→ Problem requirements
Repeat verbatim, and only, the lines of the data below, beginning at the line that contains "Apartament Village Esperia Potos" and stopping after the line that contains "2018 TOYOTA YARIS".

→ Material provided
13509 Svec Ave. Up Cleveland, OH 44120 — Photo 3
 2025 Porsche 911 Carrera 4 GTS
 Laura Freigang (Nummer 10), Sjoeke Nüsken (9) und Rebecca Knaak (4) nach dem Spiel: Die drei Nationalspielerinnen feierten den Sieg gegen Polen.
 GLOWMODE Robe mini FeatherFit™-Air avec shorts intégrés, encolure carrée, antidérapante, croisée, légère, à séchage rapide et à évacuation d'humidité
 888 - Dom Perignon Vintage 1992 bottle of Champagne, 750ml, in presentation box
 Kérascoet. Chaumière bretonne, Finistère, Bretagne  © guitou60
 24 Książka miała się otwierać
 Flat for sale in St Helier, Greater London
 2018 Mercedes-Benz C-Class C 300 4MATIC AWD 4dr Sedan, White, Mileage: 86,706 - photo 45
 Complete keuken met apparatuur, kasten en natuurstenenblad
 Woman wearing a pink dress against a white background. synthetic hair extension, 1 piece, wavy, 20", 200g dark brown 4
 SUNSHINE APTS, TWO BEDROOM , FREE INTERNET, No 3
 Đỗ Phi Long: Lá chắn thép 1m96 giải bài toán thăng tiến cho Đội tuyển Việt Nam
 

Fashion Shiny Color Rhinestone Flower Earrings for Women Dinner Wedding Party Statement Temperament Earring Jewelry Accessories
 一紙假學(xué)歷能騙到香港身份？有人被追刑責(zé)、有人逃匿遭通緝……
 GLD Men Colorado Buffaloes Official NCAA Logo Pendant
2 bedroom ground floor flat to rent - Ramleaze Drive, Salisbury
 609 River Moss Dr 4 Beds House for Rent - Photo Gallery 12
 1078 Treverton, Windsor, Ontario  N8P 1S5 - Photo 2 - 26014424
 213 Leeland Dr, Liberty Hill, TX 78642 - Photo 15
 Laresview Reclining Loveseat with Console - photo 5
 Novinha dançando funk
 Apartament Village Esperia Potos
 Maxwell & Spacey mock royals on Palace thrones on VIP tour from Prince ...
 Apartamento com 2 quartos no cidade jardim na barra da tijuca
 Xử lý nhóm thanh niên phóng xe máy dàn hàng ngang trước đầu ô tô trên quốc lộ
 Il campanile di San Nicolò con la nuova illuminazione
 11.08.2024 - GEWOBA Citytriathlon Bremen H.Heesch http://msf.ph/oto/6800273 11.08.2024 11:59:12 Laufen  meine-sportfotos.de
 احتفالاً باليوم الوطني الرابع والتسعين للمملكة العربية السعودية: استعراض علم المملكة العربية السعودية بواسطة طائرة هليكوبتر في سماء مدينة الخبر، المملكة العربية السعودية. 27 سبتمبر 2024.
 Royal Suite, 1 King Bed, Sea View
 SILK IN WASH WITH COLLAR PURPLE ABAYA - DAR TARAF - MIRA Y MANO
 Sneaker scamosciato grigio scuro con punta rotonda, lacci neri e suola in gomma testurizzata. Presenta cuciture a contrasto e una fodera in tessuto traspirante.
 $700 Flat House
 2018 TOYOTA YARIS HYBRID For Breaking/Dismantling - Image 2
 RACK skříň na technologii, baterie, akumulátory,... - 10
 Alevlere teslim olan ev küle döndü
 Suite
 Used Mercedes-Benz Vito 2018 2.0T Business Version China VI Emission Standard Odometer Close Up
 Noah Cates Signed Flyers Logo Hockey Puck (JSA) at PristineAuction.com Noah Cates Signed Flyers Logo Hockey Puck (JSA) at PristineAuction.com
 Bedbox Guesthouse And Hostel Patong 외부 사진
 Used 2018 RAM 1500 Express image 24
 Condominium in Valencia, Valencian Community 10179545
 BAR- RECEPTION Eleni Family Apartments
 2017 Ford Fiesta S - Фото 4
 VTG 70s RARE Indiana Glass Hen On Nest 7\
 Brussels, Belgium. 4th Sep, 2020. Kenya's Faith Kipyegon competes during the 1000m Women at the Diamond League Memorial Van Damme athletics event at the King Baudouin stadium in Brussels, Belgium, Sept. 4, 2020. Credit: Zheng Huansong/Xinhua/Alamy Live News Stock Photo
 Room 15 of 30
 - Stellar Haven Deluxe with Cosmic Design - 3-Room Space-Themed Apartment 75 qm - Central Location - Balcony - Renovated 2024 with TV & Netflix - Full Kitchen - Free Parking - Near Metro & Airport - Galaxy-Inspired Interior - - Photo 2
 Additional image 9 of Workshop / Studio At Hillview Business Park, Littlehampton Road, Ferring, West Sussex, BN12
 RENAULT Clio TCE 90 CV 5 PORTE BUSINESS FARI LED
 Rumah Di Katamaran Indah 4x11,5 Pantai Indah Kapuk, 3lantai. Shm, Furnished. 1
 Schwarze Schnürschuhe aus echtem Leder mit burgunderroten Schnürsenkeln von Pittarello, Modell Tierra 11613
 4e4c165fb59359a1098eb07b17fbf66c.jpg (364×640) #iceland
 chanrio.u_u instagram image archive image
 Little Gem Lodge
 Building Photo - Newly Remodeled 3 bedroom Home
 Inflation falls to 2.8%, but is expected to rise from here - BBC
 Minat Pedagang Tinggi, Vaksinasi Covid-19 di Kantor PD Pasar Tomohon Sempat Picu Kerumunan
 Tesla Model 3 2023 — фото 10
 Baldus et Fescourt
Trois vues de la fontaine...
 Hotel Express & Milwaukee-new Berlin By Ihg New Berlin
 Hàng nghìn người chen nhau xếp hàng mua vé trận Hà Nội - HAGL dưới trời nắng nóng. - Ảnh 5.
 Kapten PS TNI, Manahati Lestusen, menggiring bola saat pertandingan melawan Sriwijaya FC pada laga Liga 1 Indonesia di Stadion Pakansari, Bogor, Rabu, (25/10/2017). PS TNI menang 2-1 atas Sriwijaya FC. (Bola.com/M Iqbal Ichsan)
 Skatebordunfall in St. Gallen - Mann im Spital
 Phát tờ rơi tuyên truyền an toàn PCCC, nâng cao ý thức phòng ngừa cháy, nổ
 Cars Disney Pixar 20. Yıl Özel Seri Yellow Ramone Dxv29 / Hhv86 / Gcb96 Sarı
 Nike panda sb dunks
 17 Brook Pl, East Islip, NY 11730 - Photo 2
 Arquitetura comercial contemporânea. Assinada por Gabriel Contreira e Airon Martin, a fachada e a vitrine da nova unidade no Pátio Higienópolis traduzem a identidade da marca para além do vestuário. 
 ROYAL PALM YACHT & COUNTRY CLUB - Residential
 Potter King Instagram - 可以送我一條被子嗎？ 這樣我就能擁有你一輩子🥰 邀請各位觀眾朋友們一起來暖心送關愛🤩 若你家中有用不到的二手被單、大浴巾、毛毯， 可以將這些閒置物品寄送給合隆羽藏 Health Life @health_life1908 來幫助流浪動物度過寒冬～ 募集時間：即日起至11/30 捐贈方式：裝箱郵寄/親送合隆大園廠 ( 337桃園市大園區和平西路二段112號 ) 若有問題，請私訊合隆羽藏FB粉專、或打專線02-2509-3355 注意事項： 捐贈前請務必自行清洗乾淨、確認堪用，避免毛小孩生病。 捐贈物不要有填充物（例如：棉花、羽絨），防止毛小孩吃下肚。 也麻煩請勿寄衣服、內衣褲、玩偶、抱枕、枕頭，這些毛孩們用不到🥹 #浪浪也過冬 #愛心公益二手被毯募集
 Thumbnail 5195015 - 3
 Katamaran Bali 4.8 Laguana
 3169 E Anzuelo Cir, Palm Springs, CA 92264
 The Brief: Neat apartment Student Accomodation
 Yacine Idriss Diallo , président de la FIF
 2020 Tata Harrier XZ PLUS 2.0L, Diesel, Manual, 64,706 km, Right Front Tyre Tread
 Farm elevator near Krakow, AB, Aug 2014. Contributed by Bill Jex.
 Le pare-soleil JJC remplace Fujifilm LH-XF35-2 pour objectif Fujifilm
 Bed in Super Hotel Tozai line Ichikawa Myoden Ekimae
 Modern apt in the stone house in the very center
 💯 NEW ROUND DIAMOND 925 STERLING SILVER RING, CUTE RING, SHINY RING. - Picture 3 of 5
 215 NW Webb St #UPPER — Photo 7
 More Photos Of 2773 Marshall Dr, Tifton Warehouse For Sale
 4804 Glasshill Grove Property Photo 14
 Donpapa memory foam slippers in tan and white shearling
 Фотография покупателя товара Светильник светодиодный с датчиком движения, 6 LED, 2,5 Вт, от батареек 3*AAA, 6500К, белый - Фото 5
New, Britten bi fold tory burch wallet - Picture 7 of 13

→ Task solution
 Apartament Village Esperia Potos
 Maxwell & Spacey mock royals on Palace thrones on VIP tour from Prince ...
 Apartamento com 2 quartos no cidade jardim na barra da tijuca
 Xử lý nhóm thanh niên phóng xe máy dàn hàng ngang trước đầu ô tô trên quốc lộ
 Il campanile di San Nicolò con la nuova illuminazione
 11.08.2024 - GEWOBA Citytriathlon Bremen H.Heesch http://msf.ph/oto/6800273 11.08.2024 11:59:12 Laufen  meine-sportfotos.de
 احتفالاً باليوم الوطني الرابع والتسعين للمملكة العربية السعودية: استعراض علم المملكة العربية السعودية بواسطة طائرة هليكوبتر في سماء مدينة الخبر، المملكة العربية السعودية. 27 سبتمبر 2024.
 Royal Suite, 1 King Bed, Sea View
 SILK IN WASH WITH COLLAR PURPLE ABAYA - DAR TARAF - MIRA Y MANO
 Sneaker scamosciato grigio scuro con punta rotonda, lacci neri e suola in gomma testurizzata. Presenta cuciture a contrasto e una fodera in tessuto traspirante.
 $700 Flat House
 2018 TOYOTA YARIS HYBRID For Breaking/Dismantling - Image 2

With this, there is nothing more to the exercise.